For example, we set n_max equals to 5 to import the first five rows.

# Read the first five row: with header
iris <- read_excel(example, n_max = 5, col_names = TRUE)
iris
Sepal.Length Sepal.Width Petal.Length Petal.Width Species
5.1 3.5 1.4 0.2 setosa
4.9 3.0 1.4 0.2 setosa
4.7 3.2 1.3 0.2 setosa
4.6 3.1 1.5 0.2 setosa
5.0 3.6 1.4 0.2 setosa

If we change col_names to FALSE, R creates the headers automatically.

## New names:
## * `` -> ...1
## * `` -> ...2
## * `` -> ...3
## * `` -> ...4
## * `` -> ...5

We can also use the argument range to select rows and columns in the spreadsheet. In the code below, we use the excel style to select the range A1 to B5.

# Read rows A1 to B5
example_1 <-read_excel(example, range = "A1:B5", col_names =TRUE)
dim(example_1)
## [1] 4 2

We can see that the example_1 returns 4 rows with 2 columns. The dataset has header, that the reason the dimension is 4x2.

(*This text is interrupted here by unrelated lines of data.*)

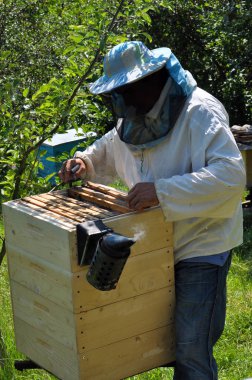 Arıcı bir arı kovanı üzerinde çalışır ve arı ailesi incelemek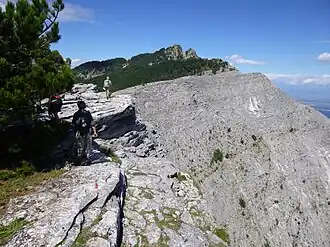 Blick zum Gipfel des Ipsarion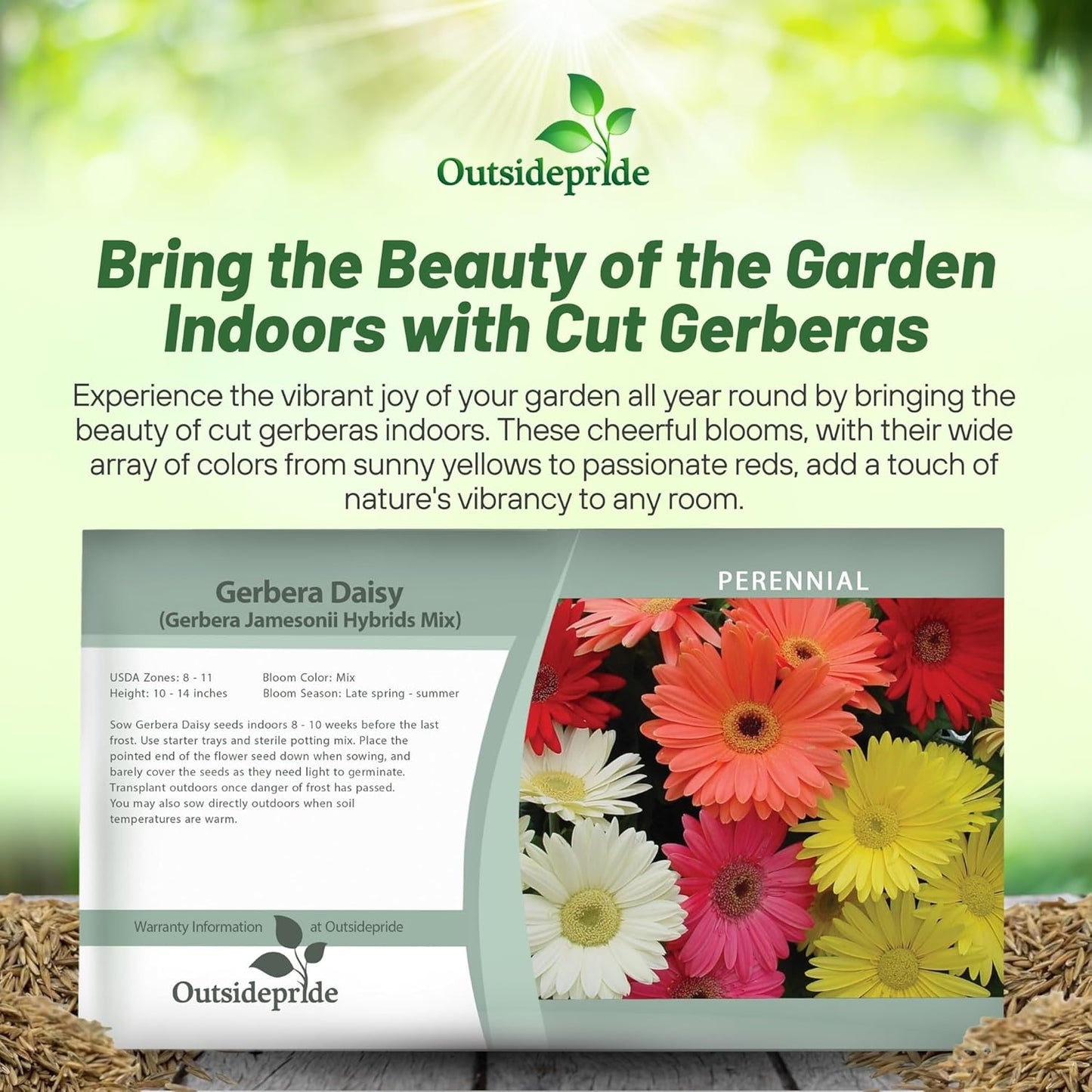 1 , A) 100 Seeds : Outsidepride Gerbera Mix - 100 Seeds - Seeds Ville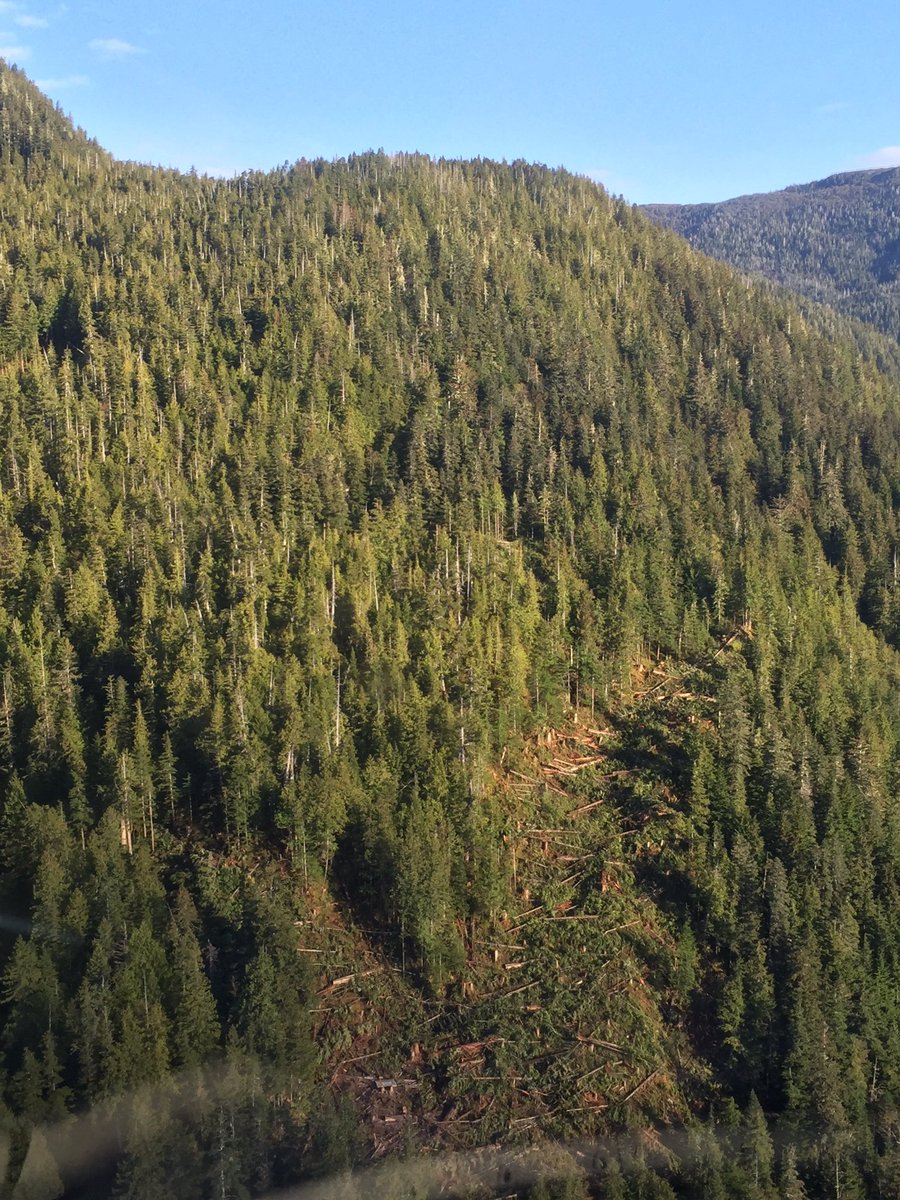 SibolaMtFalling's tweet photo. Aerial shot of the Cousins Heli project #Helilogging #bcforestry https://t.co/kJAzB80hqF https://t.co/g2tVJxfHke
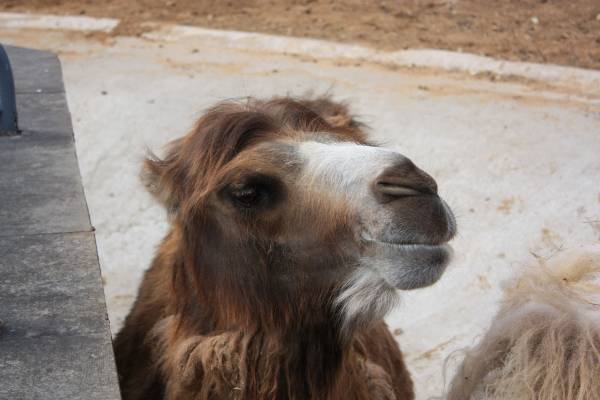 ��� �����������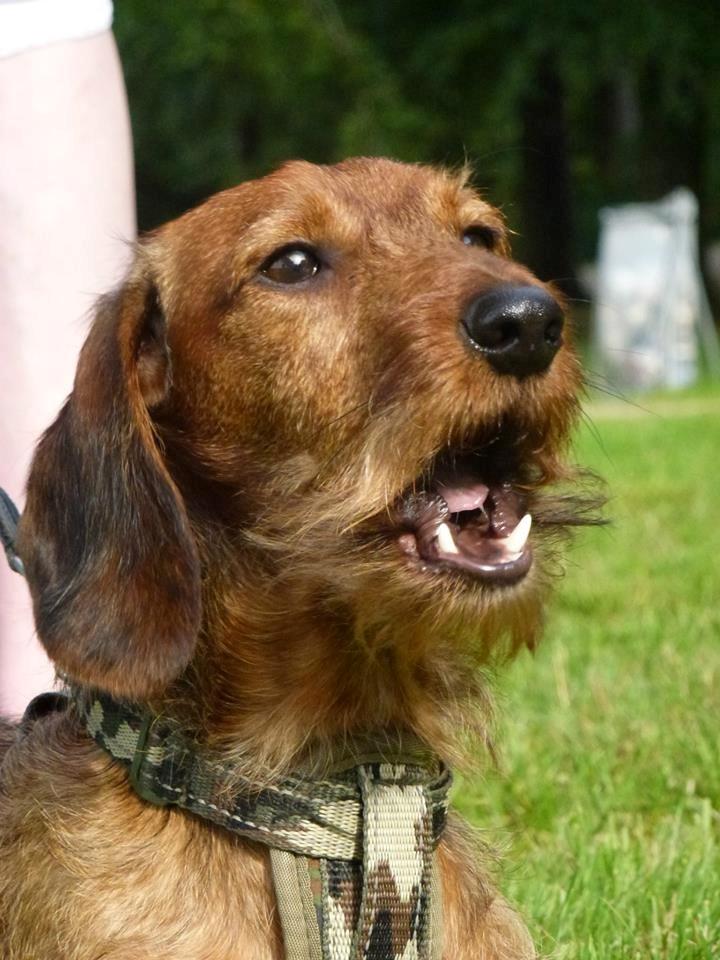 Gravhund Max billede 7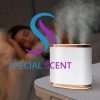 Special Scent  Image of Special Scent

In the second example, we use the function cell_rows() which controls the range of rows to return. If we want to import the rows 1 to 5, we can set cell_rows(1:5). Note that, cell_rows(1:5) returns the same output as cell_rows(5:1).

# Read rows 1 to 5
example_2 <-read_excel(example, range =cell_rows(1:5),col_names =TRUE)          
dim(example_2)
## [1] 4 5

The example_2 however is a 4x5 matrix. The iris dataset has 5 columns with header. We return the first four rows with header of all columns

In case we want to import rows which do not begin at the first row, we have to include col_names = FALSE. If we use range = cell_rows(2:5), it becomes obvious our data frame does not have header anymore.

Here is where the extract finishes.